On the other hand, culture can impact the church negatively as well. In this case it blinds us to truths that may be obvious to those of a different cultural background. For example, the narcissistic individualism of the West has left American Christians with an anemic understanding of the church.‚ As a result many of us would summarize the gospel with no reference to the centrality of the church in God’s purposes, and many of us live as if salvation were merely a private affair between Jesus and me.
3. Cross-cultural learning
So, any particular culture both illuminates and obscures aspects of reality. To quote Carson again, “…every expression of human culture simultaneously discloses that we were made in God’s image and shows itself to be mis-shaped and corroded by human rebellion against God.”
How then are we to live out Christian faith without being co-opted unknowingly by the most dangerous elements of our surroundings?‚ The primary answer is that we must be willing to bring our most fundamental assumptions back to Scripture in the recognition that a fresh hearing of the Word may yet disclose points of correction or expansion in our living of the gospel.
However, our convictions statement speaks of the need for “continual learning from Christians in other cultural settings.” The way we understand and live out the gospel needs to be compared with the ways brothers and sisters in other places hear the same message. In the process we will find elements of similarity and difference; the commonalities will confirm our faith and the plurality of views will humble and perhaps instruct us.

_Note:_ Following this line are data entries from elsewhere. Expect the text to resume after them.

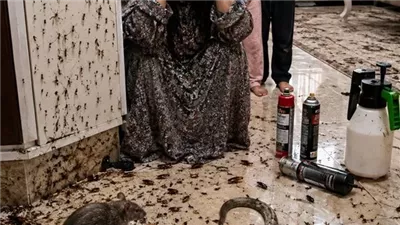 رواية جديدة 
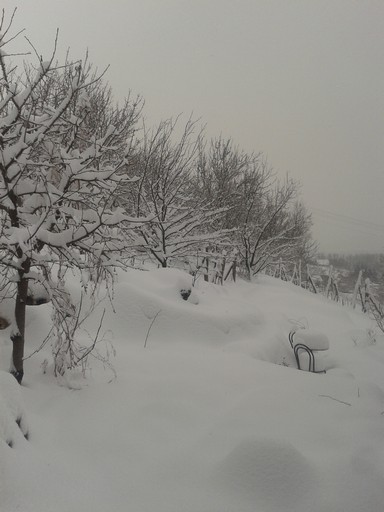 Snow view from porch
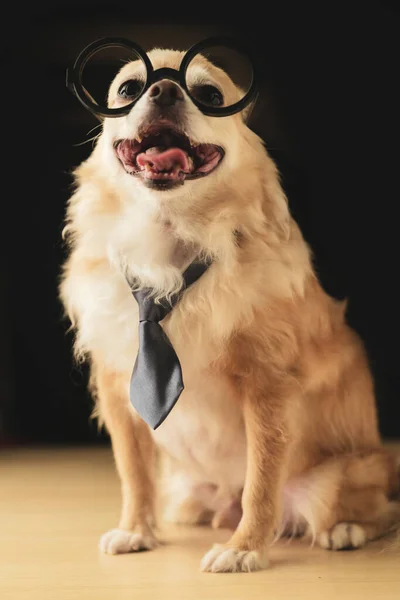 Cute Brown Chihuahua Dog Wear Black Glasses Neck Tie Nerd — Stock Photo, Image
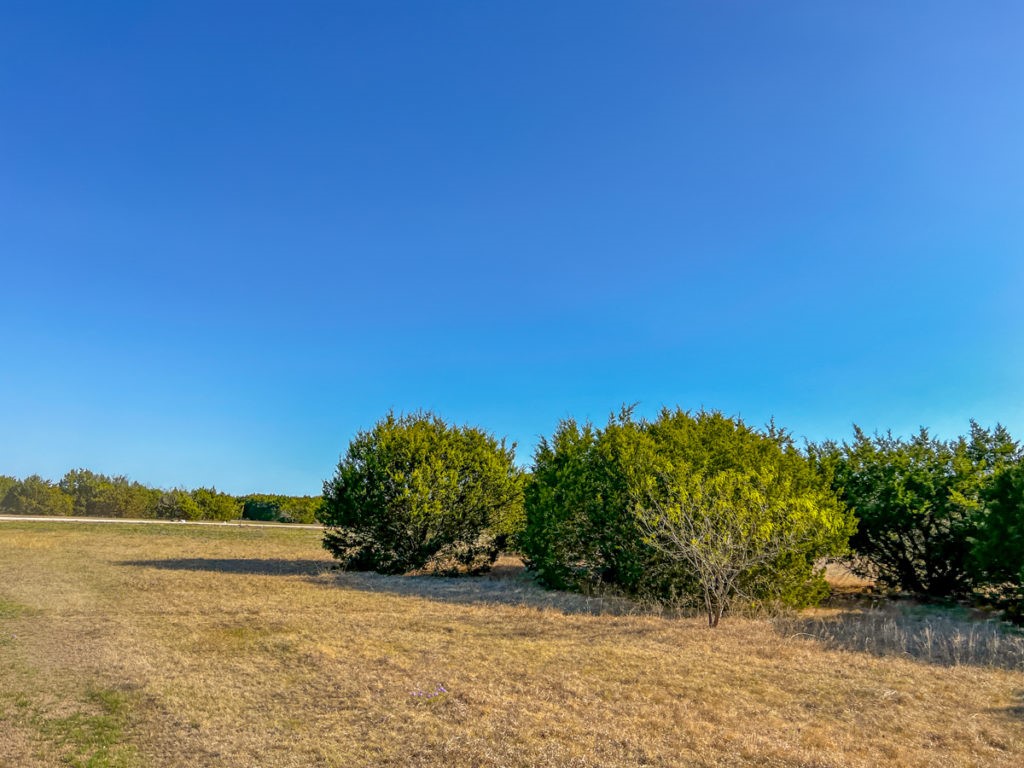 10 Hamilton Jonesboro, TX 76538 - Photo 3 of 6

The growing weakness of the church in the West and the explosion of the church in the two-thirds world should make us teachable. Wheaton College professor Kevin Vanhoozer says, “Those who cannot see their own cultural conditioning are doomed to repeat it. It is just here that Western sytematic theologians have much to learn…. It is ultimately for the sake of better biblical interpretation that Western theologians need to attend to how the Bible is being read and practiced in the non-Western world.”
In summary, none of us can escape culture. It is the context in which we understand, embody, and communicate the gospel. The church’s missional challenge in every particular cultural setting is to incarnate the message faithfully. At Biblical Seminary we believe the best hope for carrying out that mission is a fresh listening for the voice of the Spirit as we read Scripture together with the global church.
The full text of our Convictions is found here:‚ http://www.biblical.edu/images/discover/Convictions0808.pdf
 Tim Keller, “The Gospel in All Its Forms,” at http://www.christianitytoday.com/le/2008/spring/9.74.html?start=1
 D.A. Carson, Christ and Culture Revisited (Eerdmans, 2008), p. 101.
 John Franke, The Character of Theology (Baker, 2005), p. 90.
 See my earlier Missional Journal on Narcissism:‚ http://www.biblical.edu/images/belong/PDFs/Vol1No11.pdf
 Idem, p. 49
 Kevin Vanhoozer, “One Rule to Rule Them All?” in Globalizing Theology edited by Craig Ott and Harold Netland (Baker, 2006), pp. 116-17.